Maka, teknis pengamanan dari
TNI/POLRI haruslah didudukkan berbarengan dengan penyelenggara pemilu, yang saat
ini sedang mengajukan Rancangan Anggaran Pilkada kepada masing-masing
Pemerintah Daerah. Karena jumlah personil pengamanan yang terbatas dan tidak
merata jumlahnya di tiap-tiap daerah, tentu akan menyulitkan. Indonesia yang
sangat luas, pastinya akan sulit melakukan distribusi personil TNI/POLRI dalam
pengamanan Pilkada. Jenderal-jenderal yang ada dipusat, wajib melakukan
penyaringan dengan seksama daerah-daerah mana saja yang membutuhkan personil.
Disamping itu, intelejen harus dengan seksama melakukan preventif, setiap
gerakan-gerakan yang berpotensi menimbulkan konflik.
Bila dalam Pilpres kita bisa
melihat bagaimana tekanan muncul di pusat. DKI Jakarta menjadi barometer dan
seluruh kekuatan keamanan di daerah dikerahkan untuk mengamankan. Hal ini
terjadi pada tahun 2019 yang lalu dimana aparat keamanan menjaga penuh di
pusat. Namun dalam Pilkada justru akan berbeda, misalnya terjadi kerawanan di
Aceh dan Papua saja praktis kekuatan TNI/POLRI akan terbelah menjadi dua dengan
jarak yang jauh. Belum lagi apabila daerah-daerah lainnya juga bergejolak.
Hal-hal demikian, praktis
tidak dimiliki oleh KPU dan Bawaslu. Oleh karena itu, wajar rasanya apabila
Pilkada serentak ini justru akan lebih menguras keringat para pihak yang
berkepentingan dalam menjaga keamanan, pertahanan dan ketertiban. Jangan
sampai, kita terlalu berkonsentrasi dengan Pilkada dengan daerah yang populer,
namun lengah dengan daerah yang justru memiliki tingkat kerawanan yang paling
tinggi.
Dapat kita lihat pada Pilkada
serentak tahun 2017, semua mata justru hanya terpaku pada Pemilihan di DKI
Jakarta, yang membuat seolah-olah tidak ada Pilkada di daerah lain. Sehingga
nantinya kita lengah dengan apa yang
terjadi daerah. Ditambah lagi dengan begitu tajamnya Pilkada yang
mengedepankan Politik Identitas di masyarakat. Maka potensi kekisruhan berbasis
SARA justru akan gampang menjadi penyulut. Disisi lain, belum cakapnya
masyarakat dalam menerima sumber informasi yang di dapat, akan mempetajakam
potensi kekisruhan berbasis SARA. Maka, Dinas Kominfo Daerah sebaiknya responsif
terhadap pemberantasan berita palsu (hoax)

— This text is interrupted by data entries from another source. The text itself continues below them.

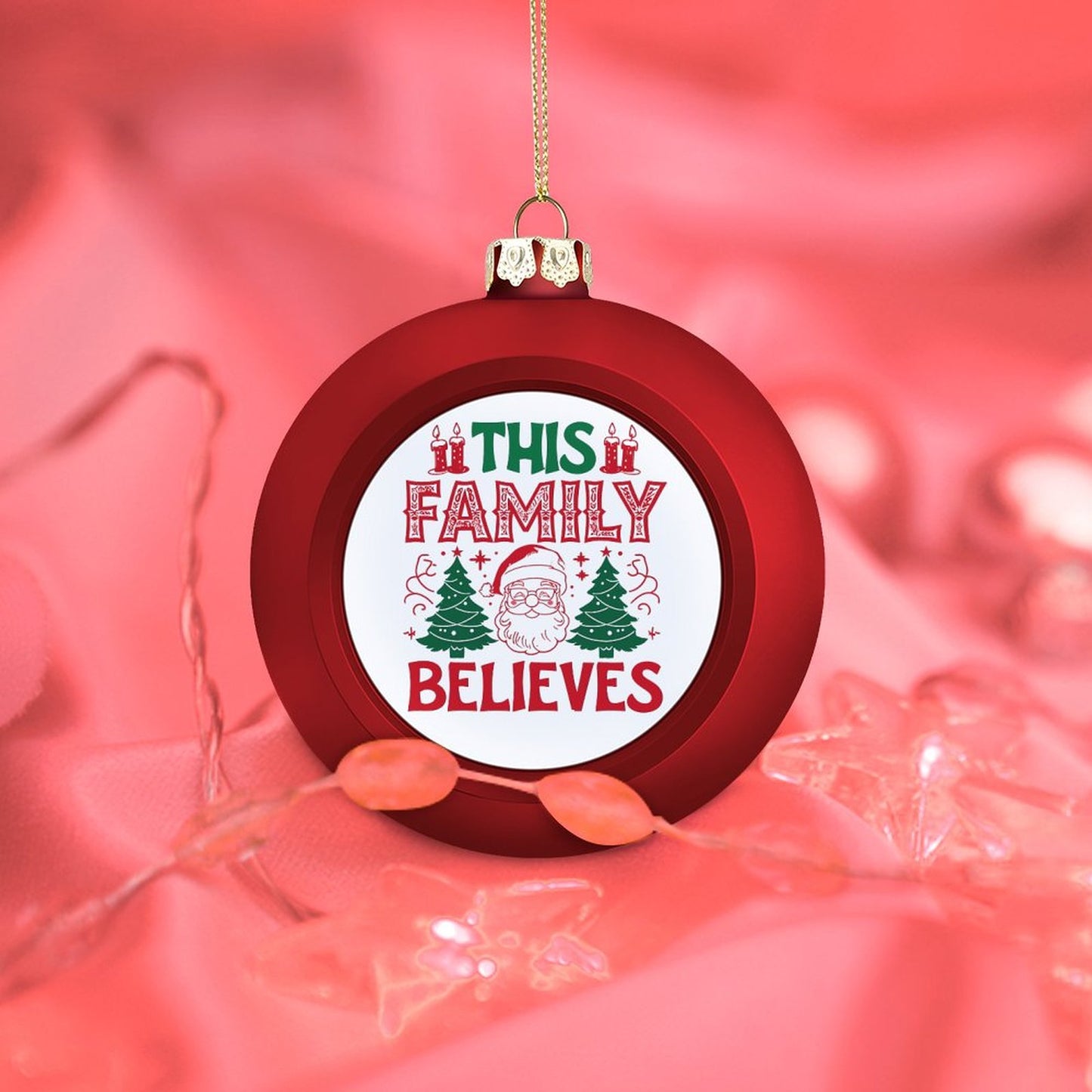 Custom Christmas Ball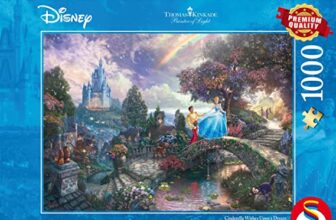 Schmidt Spiele Thomas Kinkade Disney Puzzle Cinderella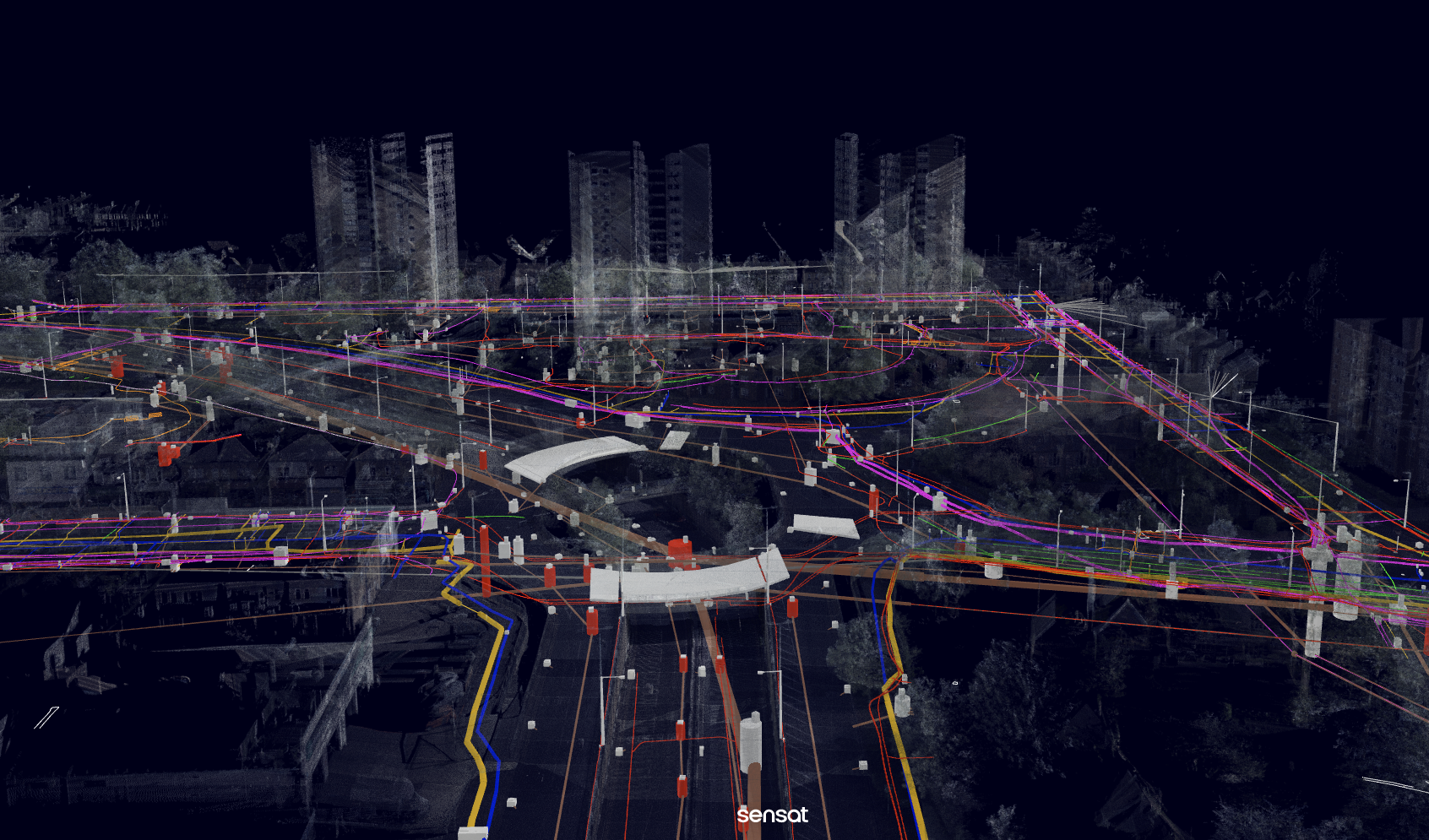 Sensat Demonstrates Digital Twin Efficiency at Utility Week Live 2025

dan tidak membebankan seluruhnya kepada KPU/Bawaslu di Daerah.
Bila kita melihat Pilkada
serentak yang telah dilakukan sejak 2015 yang lalu, banyak temuan pelanggaran
yang ditangani oleh Bawaslu perihal Netralitas ASN. Fritz Edward Siregar (2020)
pernah menyebutkan bahwa konsekuensi dari pelaksanaan pilkada adalah munculnya
gesekan dan menjadi imbas praktik politik praktis yaitu berupa penyalahgunaan
wewenang atau kekuasaan dari oknum pejabat setempat. Hal ini juga berpotensi
besar dalam memunculkan konflik di masyarakat, antara kebijakan pejabat
setempat dengan prinsip penegakkan hukum dan keadilan pemilu
Dilihat dari sisi geografis
dan terkonsentrasinya konflik dalam Pilkada. Ditambah dengan keterbatasan
personil TNI/POLRI dan segmentasi SARA dalam masyarakat yang beragam. Belum
lagi profesionalitas ASN yang diragukan dan masih belum cerdasnya masyarakat di
daerah dalam menerima berita dan informasi. Maka dari itu, dilihat dari
berbagai sudut pandang geopolitik sebagai variabel utama tadi, bersiap-siagalah
bahwa Pilkada serentak adalah bom waktu yang siap meledak.